Camagüey recibió tales ráfagas de Europa. Aquí fueron (¿o son?) sus cultivadores periodistas y seudoliteratos, pintores y trovadores, aunque estuvieron representados en todas las ramas de la vida “culturosa” lugareña.

Entre nosotros comenzó con la costumbre noctámbula de los periódicos y los cronistas sociales, involucrados en largas prosas que solían ser escritas, leídas y discutidas sobre la mesa del café más próximo a la redacción.Colegas de la primera mitad del siglo XX navegaban entre cuartillas permeadas de romanticismo y cubrían sus aciertos o desaciertos con seudónimos galantes como El príncipe azul, El Barón de bronce, El caballero bohemio y Felipe León de Cassy; y entre las mujeres las hubo como Madre Selva, Flor de Azahar y La marquesa de Montparnasse.

Resultaba ambiente habitual el café Imperial, amplio salón con sillas de hierro y mesas de mármol situado en República y el callejón de Benicia Perdomo (el Callejón de los Gatos), donde se reunía la plantilla de los periódicos El Camagüeyano y El Noticiero, quienes casi siempre amanecían enfrascados en bizantinas discusiones.

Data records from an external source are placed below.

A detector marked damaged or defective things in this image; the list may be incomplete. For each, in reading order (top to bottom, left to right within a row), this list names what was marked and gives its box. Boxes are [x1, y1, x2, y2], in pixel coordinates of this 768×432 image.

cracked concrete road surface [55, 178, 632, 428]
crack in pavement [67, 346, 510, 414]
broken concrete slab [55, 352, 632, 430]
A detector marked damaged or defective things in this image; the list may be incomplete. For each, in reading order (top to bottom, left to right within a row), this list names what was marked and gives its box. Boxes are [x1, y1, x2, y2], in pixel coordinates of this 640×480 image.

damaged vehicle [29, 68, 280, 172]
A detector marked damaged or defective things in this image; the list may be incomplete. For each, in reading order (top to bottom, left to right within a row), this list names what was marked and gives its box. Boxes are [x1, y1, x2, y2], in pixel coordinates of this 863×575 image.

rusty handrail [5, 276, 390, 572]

Algunos escritores y periodistas en cierne iban allí en busca de un mecenas que les pagara un café y una “medianoche”, y en retribución ofrecían sus poemas o leían el último capítulo de una novela siempre inconclusa.

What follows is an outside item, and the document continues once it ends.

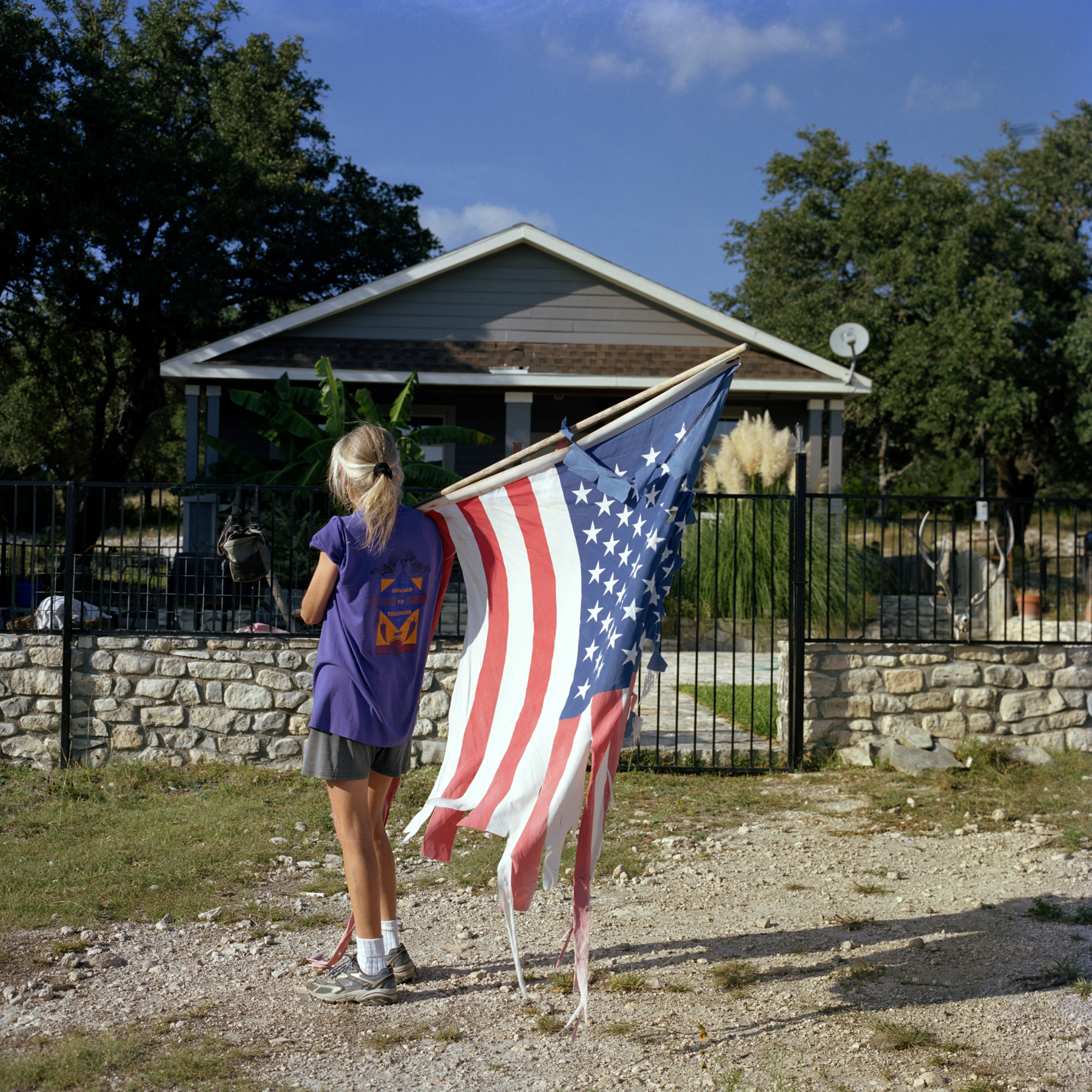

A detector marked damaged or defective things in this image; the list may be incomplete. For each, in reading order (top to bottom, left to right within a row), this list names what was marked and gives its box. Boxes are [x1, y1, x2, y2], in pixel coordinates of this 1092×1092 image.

tattered american flag [404, 349, 743, 1022]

Otros tenían su cubil de 24 horas en El Chorrito, en Cisneros y Hermanos Agüero, donde echaban ancla jóvenes juristas y pintores sumados a esta cofradía, unos por su proximidad a la Audiencia, y otros a la Colonia Española, donde había talleres de pintura con alguna atractiva modelo.

La marquesina del Gran Hotel o el Parque Bar (actualmente La Volanta) eran sitios de los bohemios distinguidos, quienes “girovagaban” en torno al Liceo de la ciudad y la Casa Cabana, importante centro de música donde hoy está la Casa de la Trova, para escribir sus crónicas sociales con siempre intachables caballeros sport man chic, nobles damas, esbeltas o figulinas de alabastro.

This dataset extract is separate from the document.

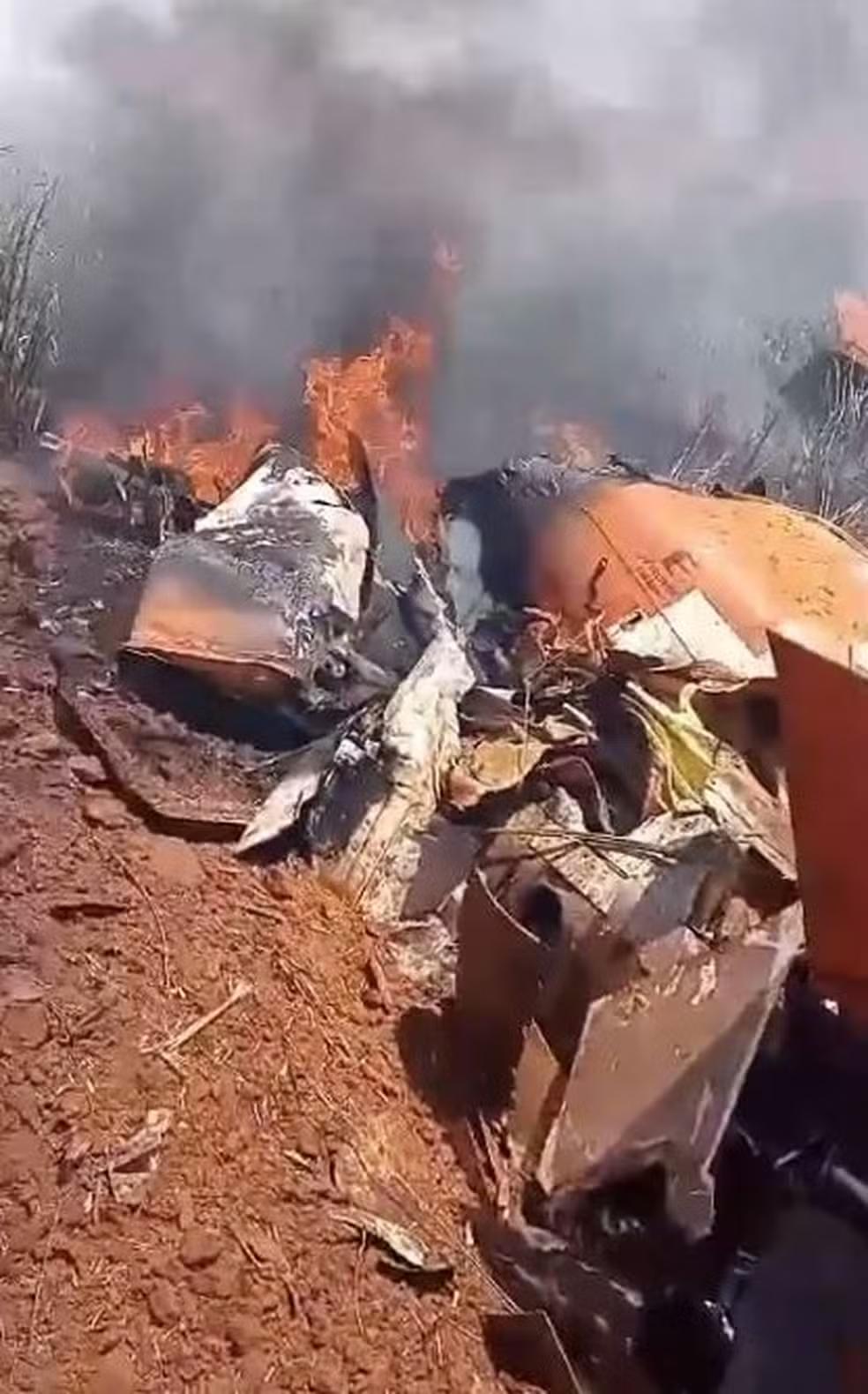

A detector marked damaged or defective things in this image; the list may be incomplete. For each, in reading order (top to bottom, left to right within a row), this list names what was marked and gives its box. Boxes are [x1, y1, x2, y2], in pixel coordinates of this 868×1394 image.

Pero para los bulliciosos, especie que ha pervivido, capaces de suspirar con la prosa de Rosalía de Castro, pero nada melindrosos a la hora de emprender una ronda de cubilete, estaba el inmenso mostrador de madera del bar Jerezano, en la calle Maceo, y donde tendremos que colocar una tarja por las tantas figuras que “descargaron” allí.

Los más románticos de todos realizaban sus tertulias en Los aires del bar Casino, cerca del río Hatibonico, a donde llegaban en tranvías Vigía-Plaza de La Caridad.

También hoy pululan los bohemios, pero no siempre es el romanticismo lo que los inspira. En algunos casos están presentes para que la gente crea que son alguna cosa. Y caramba, ¡qué cosas hace la gente que se cree cosas!